I just set up the inputs for AAD using the Microsoft Azure Add-on for Splunk. One of the inputs I set up is for the AAD users, which what I assume it does is pulling all the info about AD users once and then only pulls new users info or changes to existing users.
However when I enabled this input, CPU usage on the IDM skyrocketed to 99% and the add-on was pulling all the user profiles again and again so I had to disable the input. I get no errors at all in the _internal index, I only get some INFO events every second or so saying that proxy is not enabled, which is expected since I'm not going to be using proxy.
Is this expected behaviour? Did I set up something incorrectly? When creating the input I only filled in the mandatory options and set the interval to 30s. Even when raising the interval it still pulls the same data again and I end up with duplicates.

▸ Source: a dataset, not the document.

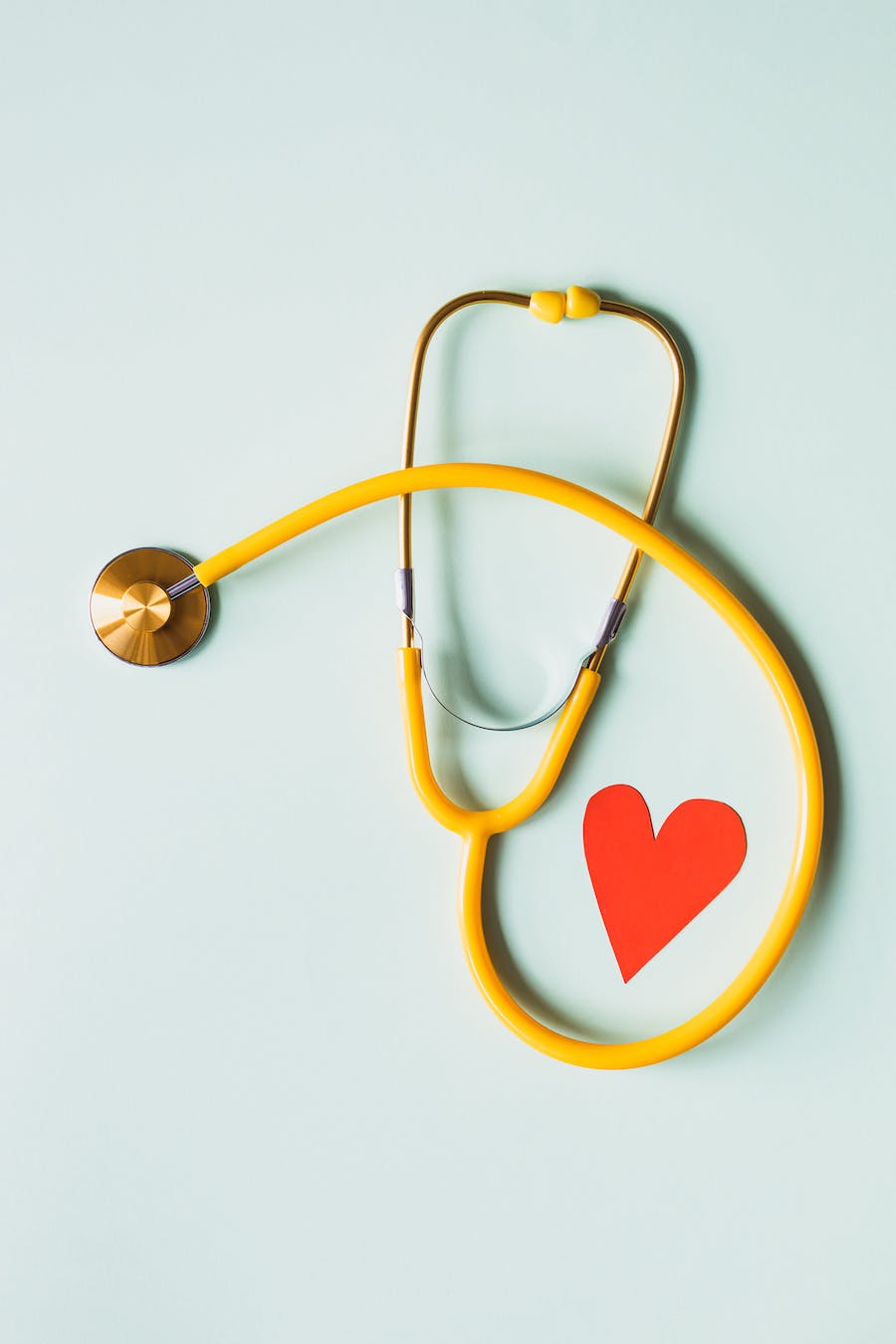 Yellow stethoscope with a heart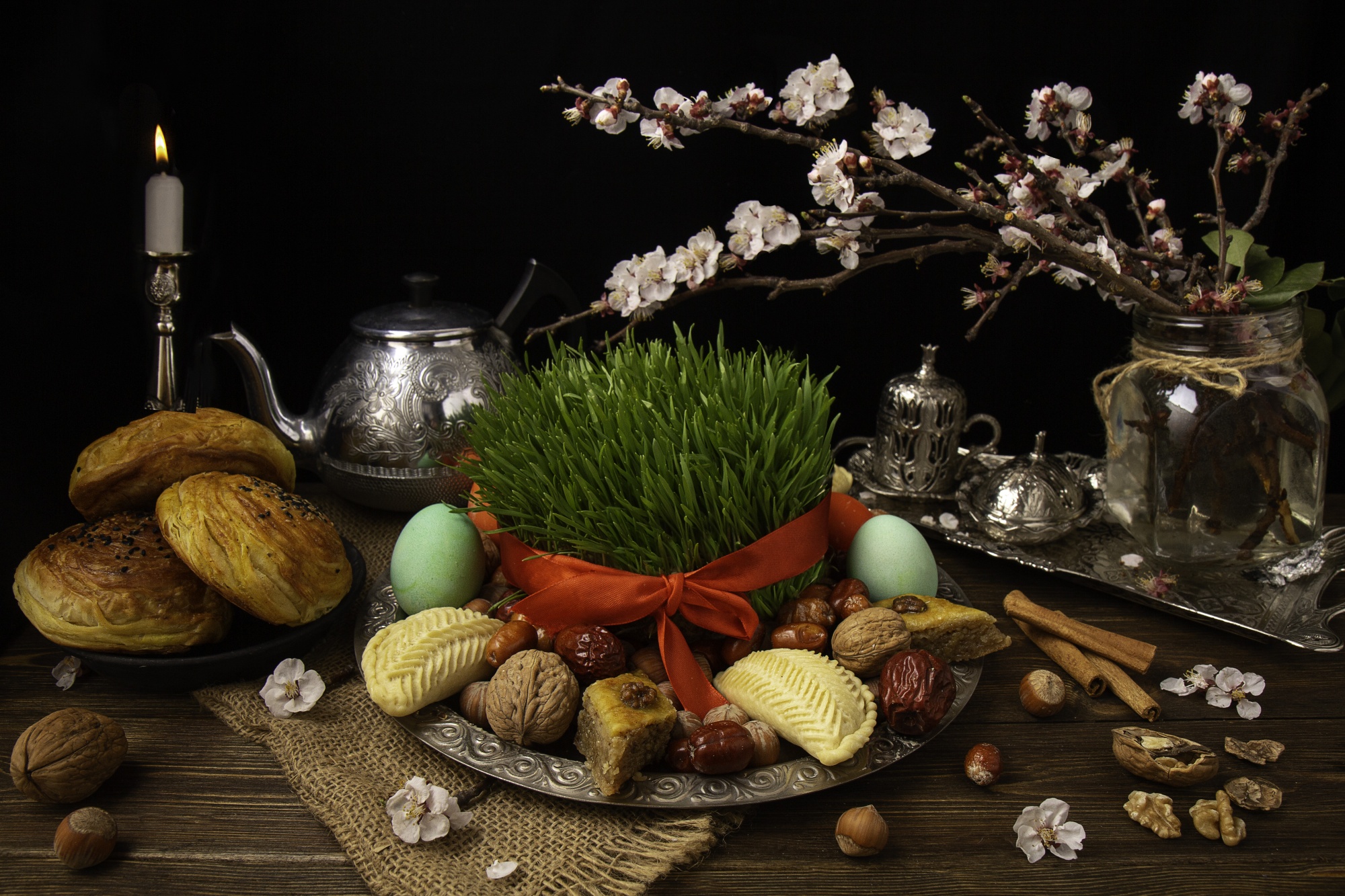 A table set with typical Nowruz items.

I can't find anyone else having a similar issue, so I'm contemplating just setting the interval for something like once per day or more and just live with the duplicate data. It does seem strange though that the add-on works like that.
EDIT: Additionally to what I've said already, when I run the below search I only see checkpoints for the rest of my inputs but I don't see anything for the AAD user input.
The Azure AD user API only provides "state" data - meaning it tells you what exists. This is different than, say, Azure AD sign-in data which tells you when something happened. Unfortunately, the Azure AD user API does not have an endpoint to surface only changes, so we have to get all the user data every time. For this reason, I usually set the interval to 86400 (24 hours).